As March drew to a close my Lothian Year List sat at 110 species, up thirteen species on last month. In terms of self-finds pride of place would go to Northern-type Eider on the 3rd (BBRC-listed although the identification of this form is under debate - my photos certainly won't help) and patch tick Iceland Gull on the 24th. Other good finds included Kingfisher, Waxwing and Snow Bunting.
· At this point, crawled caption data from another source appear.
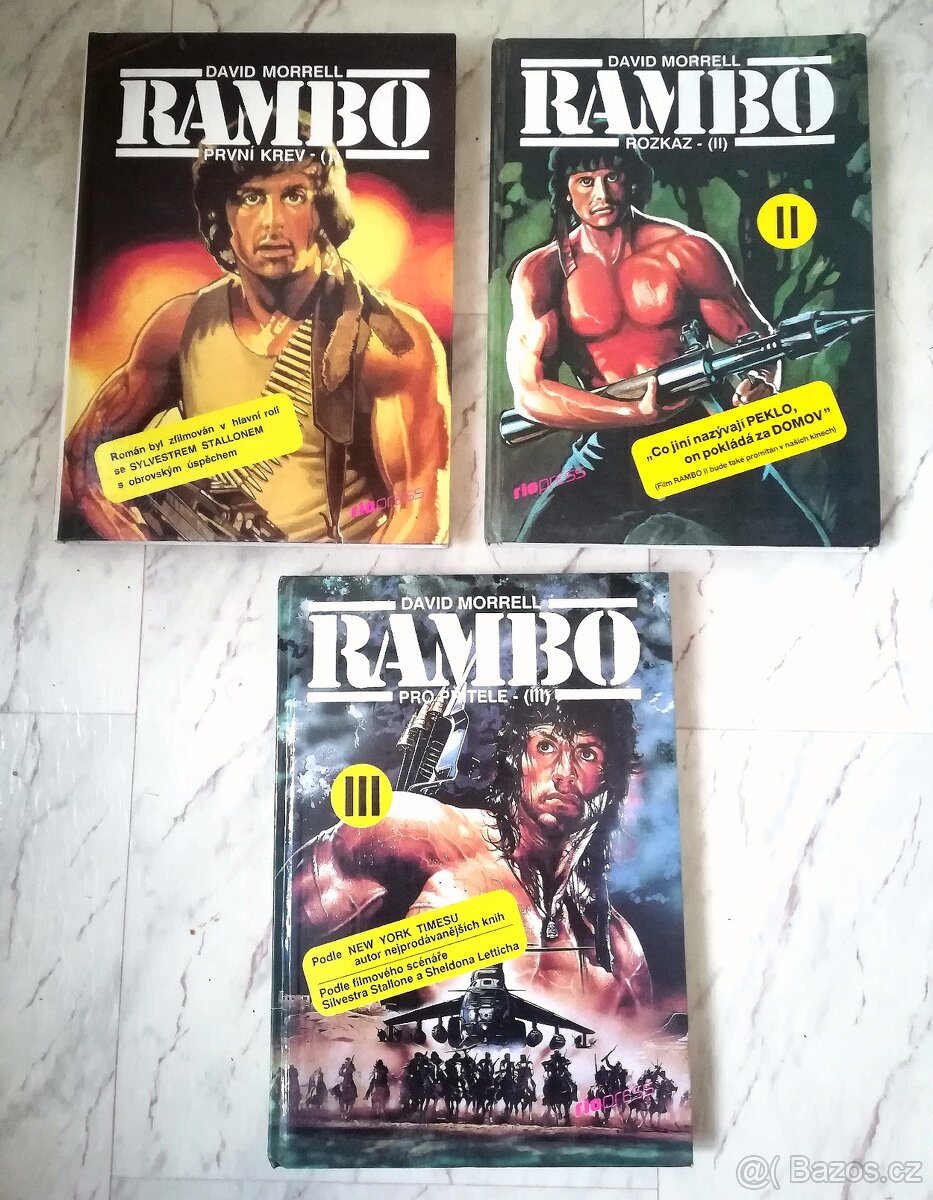 Rambo I. II. III.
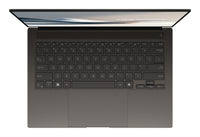 ASUS Zenbook S14 UX5406SA-PV530W Copilot+ PC Intel Core Ultra 7 258V Laptop 35,6 cm (14") 3K 32 GB LPDDR5x-SDRAM 1 TB SSD Wi-Fi 7 (802.11be) Windows 11 Home Deutsch Grau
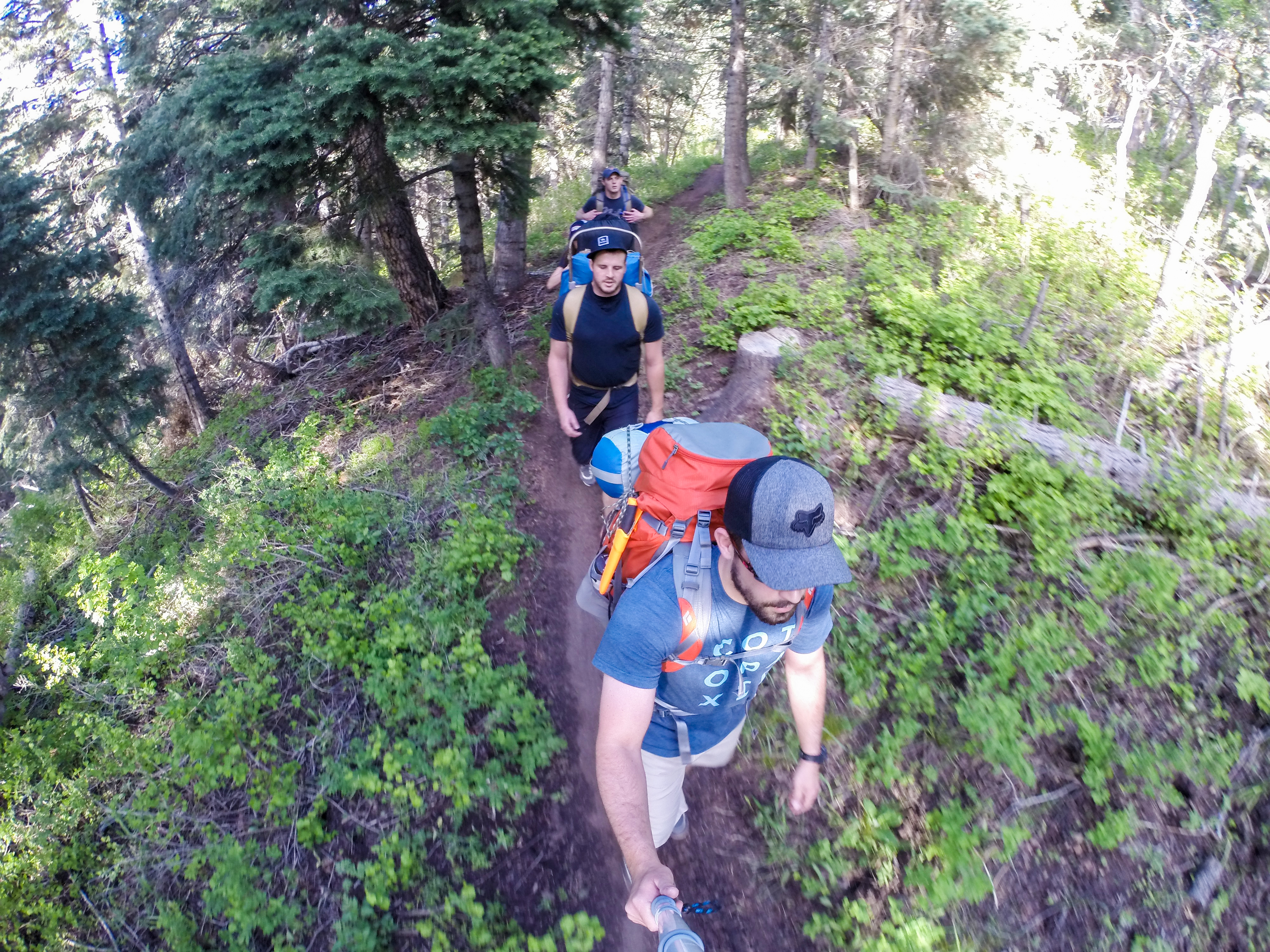 Backpack to Rudy's Flat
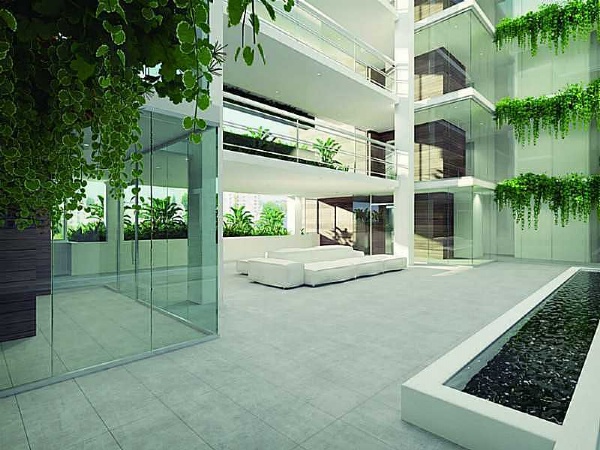 Le Jardin - Luxury Condo Interior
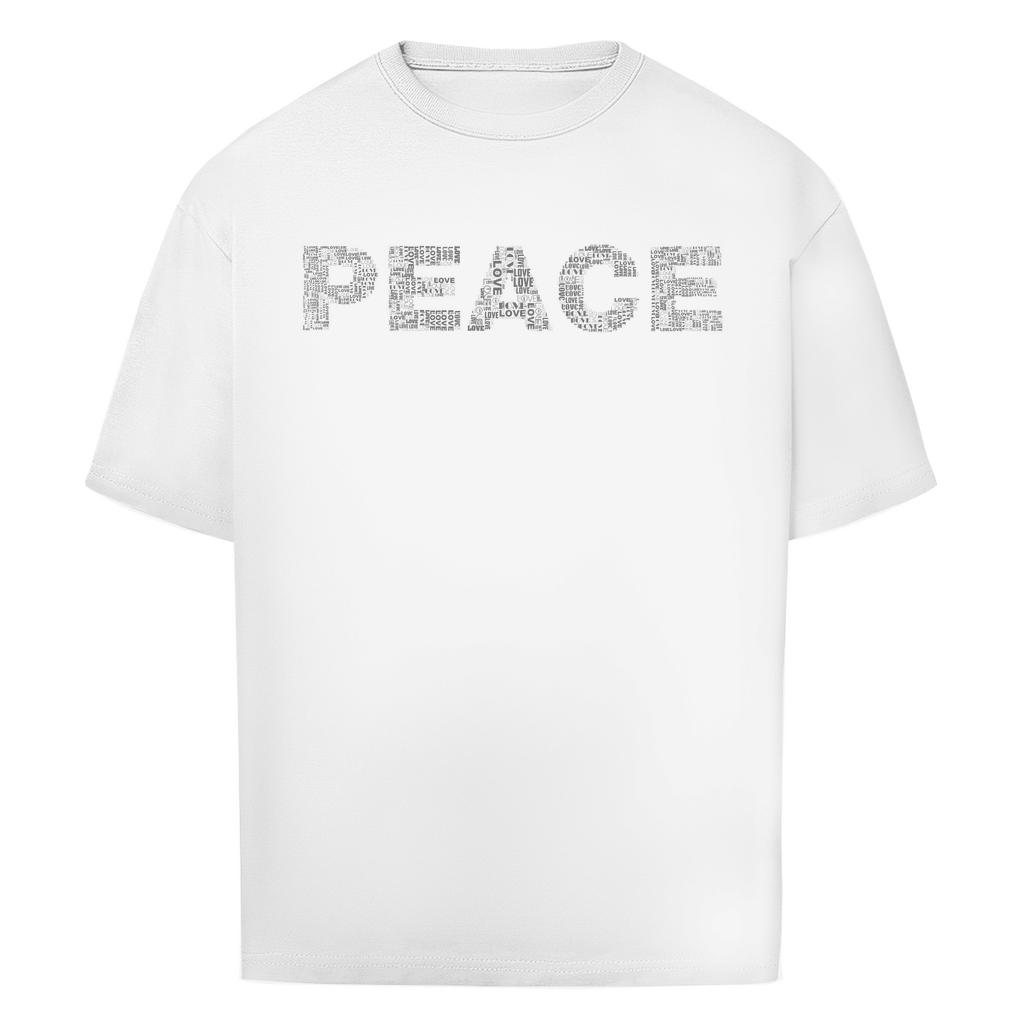 Oversize T-Shirt Peace - Tif&Stif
Other observers have seen considerably more species in the county so far this year. TO'C is topping the Bubo listings with 133 species, out of a total of 149. Luckily I still have plenty of species to bump into over the next few months. For example, the species recorded by most other listers that I have yet to see this year in the county include Golden Plover, Sanderling, Kittiwake, Guillemot, Jay and Green-winged Teal. Only the latter should prove to be a difficult task.
I should mention that I managed to add not only a county tick but a Scottish tick to the list this week - a Bewick's Swan that has been hanging around near Tyninghame for the last week or so (i.e. long enough for a slow-off-the-mark twitcher like me to have a chance to see it). To be honest, I am pretty certain that I have seen this species elsewhere in Scotland before, if not within the county. However, for some reason, large wildfowl do not really really make me tick (pun intended) and do not seem to register for long in the memory bank.
The Bewick's Swan is named after Thomas Bewick, an eighteenth and nineteenth century engraver famed for the accuracy and precision of his work. I wish the same could be said for my photos of the bird. My excuse is that every time I photograph a bird named after Bewick the result is blurry... Here is another attempt, taken at Slimbridge in December 2009. Admittedly it was almost dark when this shot was taken, but if I can't take a decent shot of a Bewick's Swan at Slimbridge then there is little hope for me...
Here is my final blurry Bewick - a Bewick's Wren photographed in California a year ago. Now in this case I can't blame the light quality, and the bird was close at hand for a decent period of time. So what is the reason for such a blurry shot, err... well, in this case I do know... it was a life-tick wren and therefore an ultimate little brown job, so the blur is pure excitement!